I had the honor of being introduced to Dr. Elliot Landers-once again through the virtual world-and then via telephone and although our first phone conversation was brief, I felt so very hopeful for the millions of people suffering from IC/PBS. Imagine a treatment for IC/PBS (or other degenerative diseases) that utilizes your body’s own stem cells, conducted in a center specializing in stem cell therapy, completely supported by a team of dedicated doctors that are blazing a trail in this area? After my conversations with Dr. Landers I realized that no longer will one have to imagine this scenario: one can become a part of it! The excitement Dr. Landers has about stem cell therapy and the limitless possibilities for how stem cells can help people suffering from IC/PBS (and other degenerative diseases) is contagious and when he said “I believe stem cells are the wave of the future in medical science” I believed him and realized that the technologies he was speaking about are happening right now. Today.
Dr. Landers has an extensive background in biochemistry and has worked in the field of urology and general surgery. Most recently he has worked in the field of Male Hormone Replacement therapy as well as ground-breaking work in urologic stem cell therapy. Dr. Landers, along with Dr. Berman and Dr. Braslow, have been working with adult mesenchymal (non-embryonic) stem cells to study the benefits of: harvesting the patients own adipose (fat)-derived stem cells through out-patient surgery, and then reimplanting the adipose cells back into the patient in order for those cells to seek out and regenerate the cells in parts of the body that have become damaged (like the bladder in IC/PBS patients). Drs. Landers, Berman and Braslow have recently formed the California Stem Cell Treatment Center out of Rancho Mirage, CA where they will begin to provide stem cell therapy treatments to patients suffering from a multitude of degenerative diseases (including IC/PBS). Here is their website, I would highly encourage setting aside some time to read through this website as it very well put together and has a lot of information about stem cell therapy and includes a hyper-link to a PDF file explaining the potential benefits of stem cell therapies for IC/PBS patients: http://stemcellclinicsofamerica.net/
It is important to point out that stem cell therapy is not FDA approved here in the United States and so the work that is being done at the California Stem Cell Treatment Center is being conducted as patient-funded pilot studies to provide further data points for adipose-derived stem cell research, which began in China. The doctors at the California Stem Cell Treatment Center are initially offering adipose stem cell therapy at half-price in the amount of: $4500.00 U.S. It is this demonstration of generosity and the courage to carve a path in unchartered territory here in the U.S. that the work that Dr.

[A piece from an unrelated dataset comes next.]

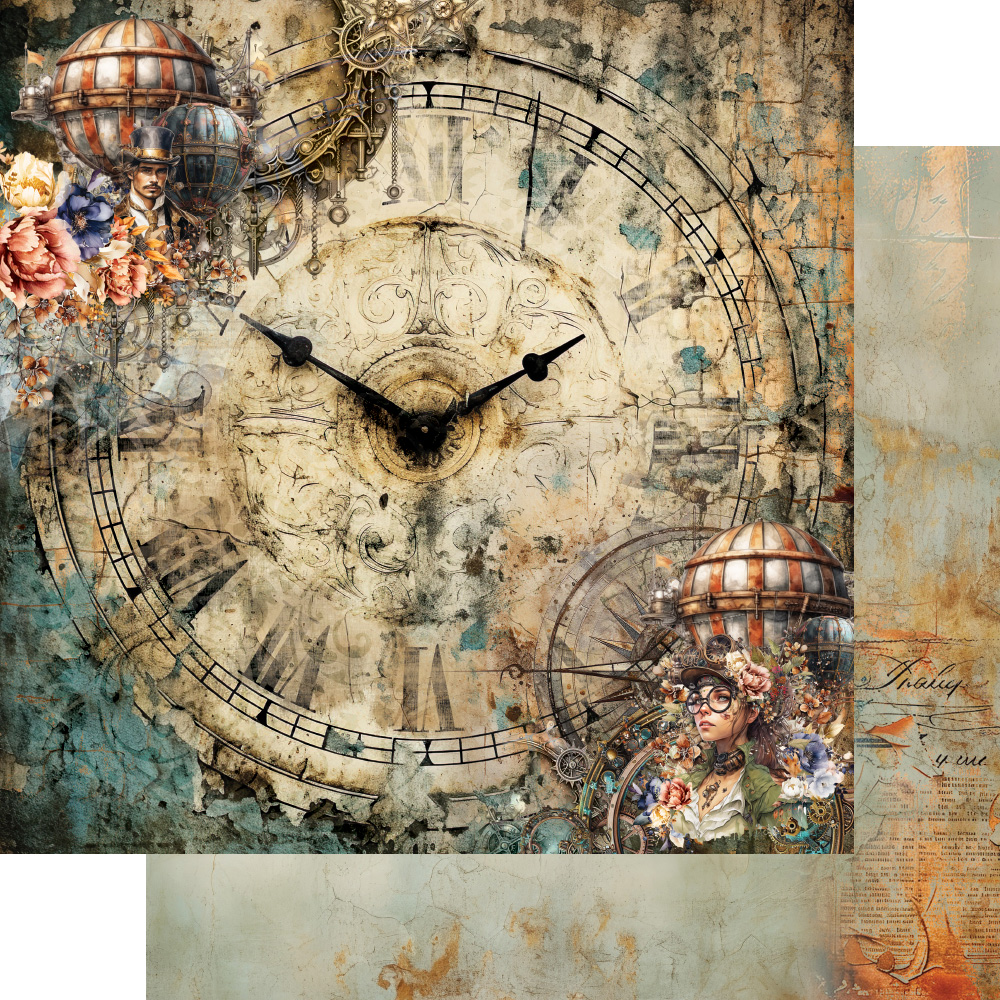 AA-ST-12 Alchemy of Art - 6x6'' - A SET OF PAPERS Steampunk Time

Landers and his colleagues are undergoing brings me great hope for the millions suffering from IC/PBS.
Dr. Landers has been working closely with Jill Osborne, President and Founder of the IC Network and in one of their conversations he explained the benefits of utilizing stem cell treatment for IC/PBS in a nutshell: “Stem cells treat degeneration and inflammation on a systemic level, naturally focusing on the body parts most afflicted but not ignoring the overall extent of disease.” This makes sense on so many levels because I have talked with countless IC patients who feel that IC pain and symptoms seem to be about more than simply their bladder. Perhaps that explains why current and past IC treatments which focused solely on treating the bladder have not been completely successful, for instance there are a countless number of IC patients that were in excruciating pain who opted to have their bladders removed, only to discover to their horror that the pain of IC remained.
The future for treating IC/PBS patients with stem cell therapy is here and it is happening now. I am thankful to have had the opportunity to speak with Dr. Landers and to hear about the work of adipose stem cells and the opening of the California Stem Cell Treatment Center in California. I wish Dr. Landers and his colleagues much success in this arena and I look forward to hearing how stem cell therapy assists those suffering from IC/PBS.